No doubt, this book treated sexual desire as candidly as most books theretofore published. While it is relatively mild by today's standards over a century out, it handled sensuality in a way that is true to life as a natural and spiritual force in humans, the passion to consummate the desire for intimacy and the love of another.
Frankly, this is one of the only literary novels that animated my appetite for affections, with passages such as:
"His body trembled as he held her. He loved her till he felt his heart and all his veins would burst and flood her with his hot, healing blood. He knew his blood would heal and restore her. ... His head felt so strange and blazed. Still he held her close, with trembling arms. His blood seemed very strong, enveloping her. And at last she began to draw near to him, she nestled to him. His limbs, his body, took fire and beat up in flames. She clung to him, she cleaved to his body. The flames swept him, he held her in sinews of fire. If she would kiss him! He bent his mouth down. And her mouth, soft and moist, received him. He felt his veins would burst with anguish of thankfulness, his heart was mad with gratefulness, he could pour himself out upon her for ever. When they came to themselves, the night was very dark. ... They lay still and warm and weak, like the new-born, together. And there was a silence almost of the unborn. Only his heart was weeping happily, after the pain. He did not understand, he had yielded, given way. There was no understanding. There could be only acquiescence and submission, and tremulous wonder of consummation."
The focus is on three main characters: Tom Brangwen, Anna Brangwen (his Polish adopted daughter who married Tom's nephew, her first cousin by law, not blood) and Anna's daughter Ursula Brangwen. It spans about 65 years from the 1840s to 1905. Tom married a Polish refugee/widow named Lydia who had a 10-year-old daughter Anna. Tom (a farmer) and Lydia as well as Anna and Will (a wood craftsman) are happy enough to live in Nottinghamshire in the east Midlands of England. Yet, as time goes by, England becomes more industrialized and urbanized, and Ursula seeks an education to become a teacher.
A little over half of the novel covers the first 2 generations, while the remainder focuses on Ursula and her passions. Ursula falls in love with Anton Skrebensky, a British soldier of Polish ancestry, but he is conscripted to go to Africa.
"She turned, and saw a great white moon looking at her over the hill. And her breast opened to it, she was cleaved like a transparent jewel to its light. She stood filled with the full moon, offering herself. Her two breasts opened to make way for it, her body opened wide like a quivering anemone, a soft, dilated invitation touched by the moon."

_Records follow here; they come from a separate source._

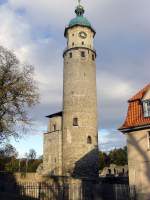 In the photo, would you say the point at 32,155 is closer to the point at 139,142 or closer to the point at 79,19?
the point at 79,19

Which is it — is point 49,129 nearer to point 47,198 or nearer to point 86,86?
point 86,86

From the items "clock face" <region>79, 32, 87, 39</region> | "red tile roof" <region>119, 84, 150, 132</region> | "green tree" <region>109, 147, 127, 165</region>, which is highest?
"clock face" <region>79, 32, 87, 39</region>

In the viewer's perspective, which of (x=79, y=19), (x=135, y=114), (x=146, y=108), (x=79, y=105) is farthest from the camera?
(x=79, y=19)

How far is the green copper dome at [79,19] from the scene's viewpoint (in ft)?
157

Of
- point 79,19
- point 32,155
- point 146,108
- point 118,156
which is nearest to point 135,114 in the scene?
point 146,108

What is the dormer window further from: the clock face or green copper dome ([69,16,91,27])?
green copper dome ([69,16,91,27])

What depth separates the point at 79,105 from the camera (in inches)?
1704

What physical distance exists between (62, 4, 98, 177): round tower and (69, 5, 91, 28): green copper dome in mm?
151

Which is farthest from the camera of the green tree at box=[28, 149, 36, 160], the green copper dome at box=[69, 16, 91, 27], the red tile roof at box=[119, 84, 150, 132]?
the green tree at box=[28, 149, 36, 160]

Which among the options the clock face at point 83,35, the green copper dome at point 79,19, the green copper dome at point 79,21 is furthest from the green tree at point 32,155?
the clock face at point 83,35

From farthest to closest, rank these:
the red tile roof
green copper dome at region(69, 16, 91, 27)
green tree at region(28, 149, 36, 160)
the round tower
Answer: green tree at region(28, 149, 36, 160), green copper dome at region(69, 16, 91, 27), the round tower, the red tile roof

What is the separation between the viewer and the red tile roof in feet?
72.3

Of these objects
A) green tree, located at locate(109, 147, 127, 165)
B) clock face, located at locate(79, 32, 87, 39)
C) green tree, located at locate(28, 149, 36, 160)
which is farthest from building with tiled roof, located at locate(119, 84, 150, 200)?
green tree, located at locate(28, 149, 36, 160)

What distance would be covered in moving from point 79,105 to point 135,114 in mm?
20689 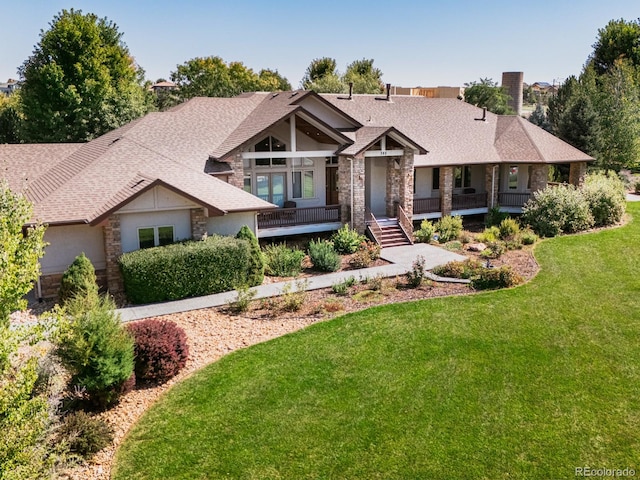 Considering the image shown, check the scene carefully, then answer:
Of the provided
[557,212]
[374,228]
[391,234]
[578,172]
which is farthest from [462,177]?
[374,228]

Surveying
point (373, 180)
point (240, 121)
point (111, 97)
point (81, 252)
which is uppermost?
point (111, 97)

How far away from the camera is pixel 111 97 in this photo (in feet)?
127

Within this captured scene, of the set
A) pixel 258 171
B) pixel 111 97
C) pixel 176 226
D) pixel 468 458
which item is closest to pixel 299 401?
pixel 468 458

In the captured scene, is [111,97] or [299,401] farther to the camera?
[111,97]

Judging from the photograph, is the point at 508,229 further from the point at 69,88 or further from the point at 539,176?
the point at 69,88

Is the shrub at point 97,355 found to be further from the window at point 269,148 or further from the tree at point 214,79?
the tree at point 214,79

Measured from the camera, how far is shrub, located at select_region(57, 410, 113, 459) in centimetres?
938

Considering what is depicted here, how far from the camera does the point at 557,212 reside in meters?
26.1

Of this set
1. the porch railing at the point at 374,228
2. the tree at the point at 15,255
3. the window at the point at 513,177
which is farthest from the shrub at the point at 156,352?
the window at the point at 513,177

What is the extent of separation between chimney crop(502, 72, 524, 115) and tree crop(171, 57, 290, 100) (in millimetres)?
29027

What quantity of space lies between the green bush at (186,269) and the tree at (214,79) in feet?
133

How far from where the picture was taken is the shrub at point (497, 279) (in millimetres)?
18109

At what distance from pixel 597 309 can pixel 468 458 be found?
29.2 feet

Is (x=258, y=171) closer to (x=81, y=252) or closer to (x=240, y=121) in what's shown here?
(x=240, y=121) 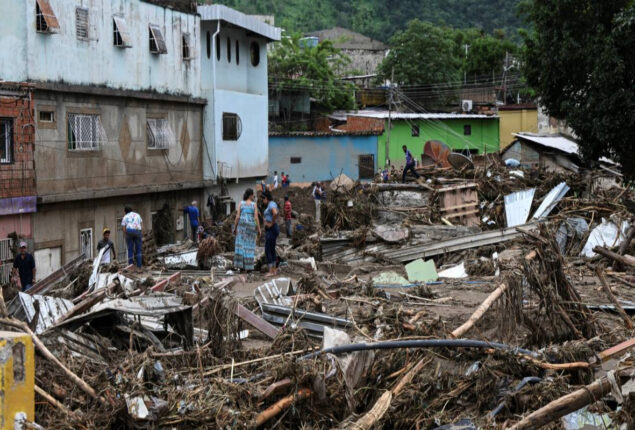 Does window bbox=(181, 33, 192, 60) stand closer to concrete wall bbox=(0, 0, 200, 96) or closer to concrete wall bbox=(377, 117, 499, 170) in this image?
concrete wall bbox=(0, 0, 200, 96)

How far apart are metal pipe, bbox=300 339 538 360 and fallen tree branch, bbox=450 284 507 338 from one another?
0.59m

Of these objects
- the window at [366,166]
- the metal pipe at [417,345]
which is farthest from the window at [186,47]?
the metal pipe at [417,345]

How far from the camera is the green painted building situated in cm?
4416

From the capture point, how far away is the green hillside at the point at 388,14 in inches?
3445

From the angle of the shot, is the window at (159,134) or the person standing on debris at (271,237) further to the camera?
the window at (159,134)

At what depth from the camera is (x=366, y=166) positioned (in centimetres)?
4334

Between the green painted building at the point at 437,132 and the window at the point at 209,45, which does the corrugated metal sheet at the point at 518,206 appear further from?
the green painted building at the point at 437,132

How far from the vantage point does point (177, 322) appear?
9.16 m

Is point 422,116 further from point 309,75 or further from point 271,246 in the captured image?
point 271,246

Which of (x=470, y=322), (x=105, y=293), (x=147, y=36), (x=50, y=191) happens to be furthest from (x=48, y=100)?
(x=470, y=322)

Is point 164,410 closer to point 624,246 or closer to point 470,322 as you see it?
point 470,322

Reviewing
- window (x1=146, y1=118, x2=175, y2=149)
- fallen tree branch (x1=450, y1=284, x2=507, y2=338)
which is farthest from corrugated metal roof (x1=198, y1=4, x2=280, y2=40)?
fallen tree branch (x1=450, y1=284, x2=507, y2=338)

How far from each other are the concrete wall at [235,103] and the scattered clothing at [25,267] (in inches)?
486

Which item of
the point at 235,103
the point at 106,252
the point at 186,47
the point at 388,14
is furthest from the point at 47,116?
the point at 388,14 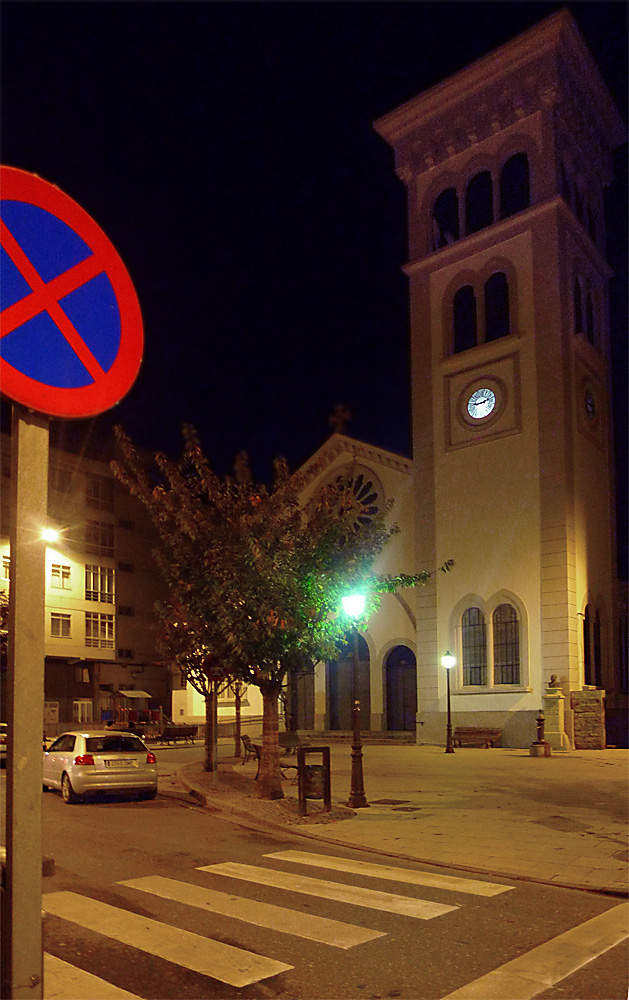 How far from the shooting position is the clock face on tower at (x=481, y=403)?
34.4 meters

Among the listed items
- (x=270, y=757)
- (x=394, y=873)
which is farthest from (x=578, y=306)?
(x=394, y=873)

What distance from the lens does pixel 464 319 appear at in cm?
3678

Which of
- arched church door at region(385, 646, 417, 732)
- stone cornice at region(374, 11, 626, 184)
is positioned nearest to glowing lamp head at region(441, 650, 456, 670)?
arched church door at region(385, 646, 417, 732)

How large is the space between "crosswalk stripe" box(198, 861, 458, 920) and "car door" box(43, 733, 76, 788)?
23.7 ft

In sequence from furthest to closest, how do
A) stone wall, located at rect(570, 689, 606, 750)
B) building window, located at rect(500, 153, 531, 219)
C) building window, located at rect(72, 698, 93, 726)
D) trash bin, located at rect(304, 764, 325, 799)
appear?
building window, located at rect(72, 698, 93, 726)
building window, located at rect(500, 153, 531, 219)
stone wall, located at rect(570, 689, 606, 750)
trash bin, located at rect(304, 764, 325, 799)

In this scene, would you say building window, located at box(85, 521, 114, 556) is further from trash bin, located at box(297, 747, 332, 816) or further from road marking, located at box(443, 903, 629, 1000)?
road marking, located at box(443, 903, 629, 1000)

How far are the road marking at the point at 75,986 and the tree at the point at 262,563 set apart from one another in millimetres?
8898

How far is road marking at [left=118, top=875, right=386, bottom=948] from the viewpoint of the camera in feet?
21.9

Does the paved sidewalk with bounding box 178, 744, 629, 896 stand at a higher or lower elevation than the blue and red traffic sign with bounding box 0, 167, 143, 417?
lower

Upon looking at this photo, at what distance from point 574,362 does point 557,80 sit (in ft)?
34.9

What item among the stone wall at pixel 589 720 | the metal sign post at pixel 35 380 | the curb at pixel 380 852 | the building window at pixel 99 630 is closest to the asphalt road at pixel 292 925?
the curb at pixel 380 852

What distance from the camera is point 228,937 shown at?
6.64m

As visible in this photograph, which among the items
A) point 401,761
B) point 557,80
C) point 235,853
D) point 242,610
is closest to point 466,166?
point 557,80

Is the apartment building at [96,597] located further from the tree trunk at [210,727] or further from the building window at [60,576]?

After Anton's departure, Ursula has a sexual relationship with her female teacher which she breaks off long before Anton's return a few years on. Yet, things are not so clear with Anton. At the book's end, Urusula dreams of a rainbow towering over the Earth:
"She saw in the rainbow the earth's new architecture, the old, brittle corruption of houses and factories swept away, the world built up in a living fabric of Truth, fitting to the over-arching heaven."
The story of Ursula and her sister Gudrun continues in a sequel published in 1920 called "Women in Love," which I intend to read.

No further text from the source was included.